È inclusa poi una gran chicca nella colonna sonora: Last Rose of Summer, poesia di Thomas Moore, poeta irlandese vissuto nel diciannovesimo secolo, ed interpretato dal soprano Reneè Fleming. In un inglese fluido e musicale come solo la lingua franca del mondo sa essere, si viene a creare un netto strappo con la violenza che sottende l’intero film e il senso di oppressione delle tracce originali di Carter Burwell. Eppure tale strappo è voluto: è infatti un’operazione di ossimoro che viene sovente utilizzata dai fratelli Cohen, cui Martin McDonagh deve moltissimo, e da registi asiatici come Park Chan-Wook.
The gems drop away.
When true hearts lie withered,
And fond ones are flown,
Oh! who would inhabit
This bleak world alone?
My Dear Anne riprende e rallenta il tema principale facendo ampio uso di archi e fiati, rappresentazione della defunta figlia della protagonista, ectoplasma che permea, col suo silenzio ma la sua costante presenza, tutto il piccolo mondo che si è venuto a creare ad Ebbing.
Walk Away Renee, una delle migliori canzoni di tutti i tempi secondo Billboard, fornisce infine quella sensazione di americanità che riporta entro confini ben precisi tutta la storia narrata. Nella cover dei Four Tops del 1967, fedele all’originale di Michael Brown per i Left Banke, felici voci si avvicendano a narrare la storia di Renee, una ragazza che voleva seguire la band ma che Tom Flynn, bassista perdutamente innamorato, temeva avrebbe potuto ledere la sua capacità compositiva.
Un vago baluginare di speranza si ha nella ballata al pianoforte Billboards are Back, che segue gli stessi accordi del tema principale, costruendovi sopra però dei semplicissimi arpeggi, quanto estremamente efficaci, nello stile di Carter Burwell.
Riscivoliamo nel buio dell’oblio, nella strada scura ai margini della foresta dove quella ragazza è stata uccisa, ascoltando gli archi e la struggente chitarra di Collecting the Samples. Ancora più in profondità, nella follia, si scende con Sorry Welby: un pianoforte oscuro che piange, ed archi che gridano. Non c’è luce qui. Countermove, traccia che accompagna il finale del film, reinventa il tema principale tramite dei fiati, ed un maggior quantitativo di strumenti, andando a creare un’elegia universale per tutto ciò che è perduto, che non può essere riconquistato. Per ciò che ci è stato strappato, e per noi, che siamo rimasti qui, a ricomporre i pezzi. A cercare di una spiegazione, un perché, un responsabile. In una parola: la pace. Il finale della colonna sonora è affidato a Never Give Up Hope, in cui i due protagonisti, Mildred e Jason, decidono di non condannare le proprie vite compiendo del male.

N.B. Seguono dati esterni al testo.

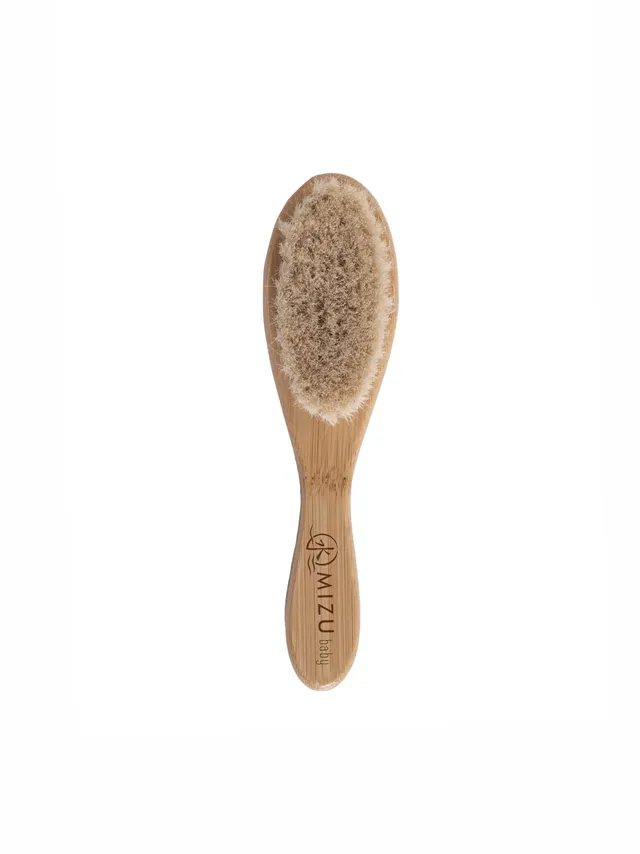 Mizu Baby Mami spazzola legno setole lana neonato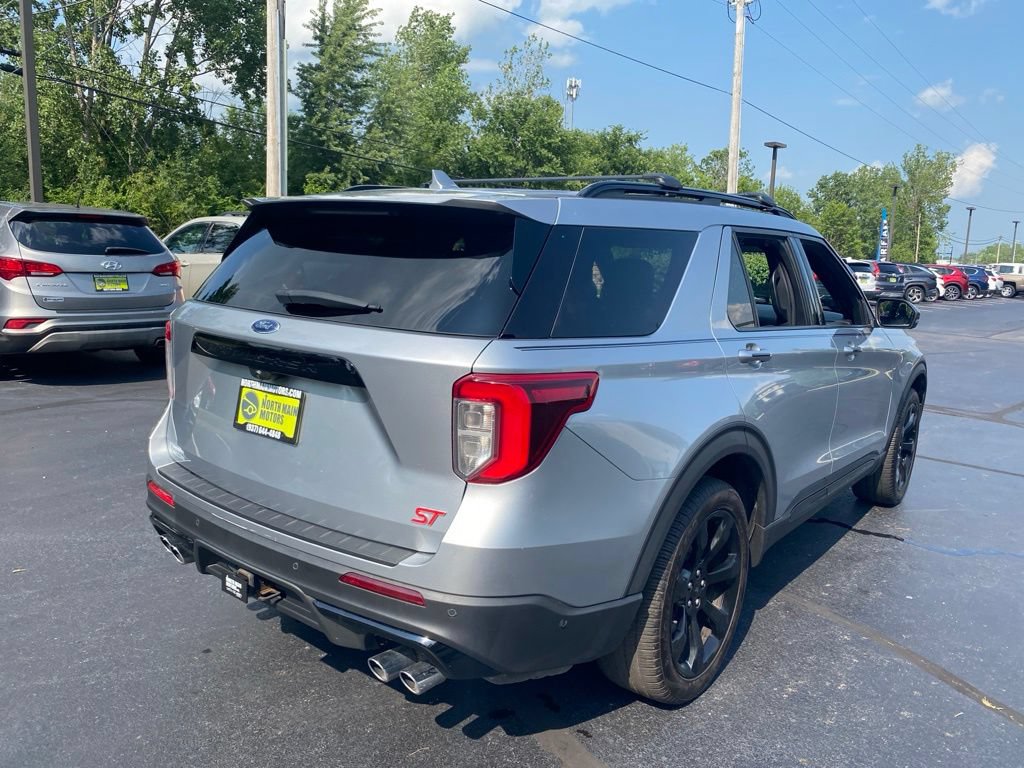 Used 2020 Ford Explorer ST w/ ST High-Performance Pack AWD/4WD image 10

I titoli di coda sono accompagnati da una riproposizione, stavolta al femminile, quasi fosse Angela a cantare dall’aldilà. Buckin Stallion Blues diviene un gospel nell’intepretazione di Amy Annelle:
Pretty songs and pretty places
Places that I’ve never seen
Pretty songs and pretty faces
Tell me what their laughter means
Some look like they’ll cry forever
Tell me what their laughter means.
La musica di Carter Burwell è semplice quanto efficace, con una capacità compositiva pari a quella di Clint Mansell, nell’accostare pochi, ben calibrati strumenti. Non è più tempo di eccessi barocchi, di grandi orchestrazioni, di esplosioni. Basta scegliere gli accordi giusti. Carter Burwell ha raccontato la sua visione di Tre Manifesti ad Ebbing, Missouri, tramite le emozioni di Mildred, in un’introspezione così profonda che pare che il personaggio di Frances McDormand sia una persona reale, che potrebbe spuntare, gridando improperi, da dietro l’album. Ma anche con un cuore colmo di dolore, ed in cerca di pace.
Soundtrack candidata all’Oscar, forse avrebbe meritato quantomeno un ex aequo con l’altrettanto eccellente colonna sonora di The Shape of Water. Ed intanto noi ci domandiamo dove siano Mildred e Jason ora.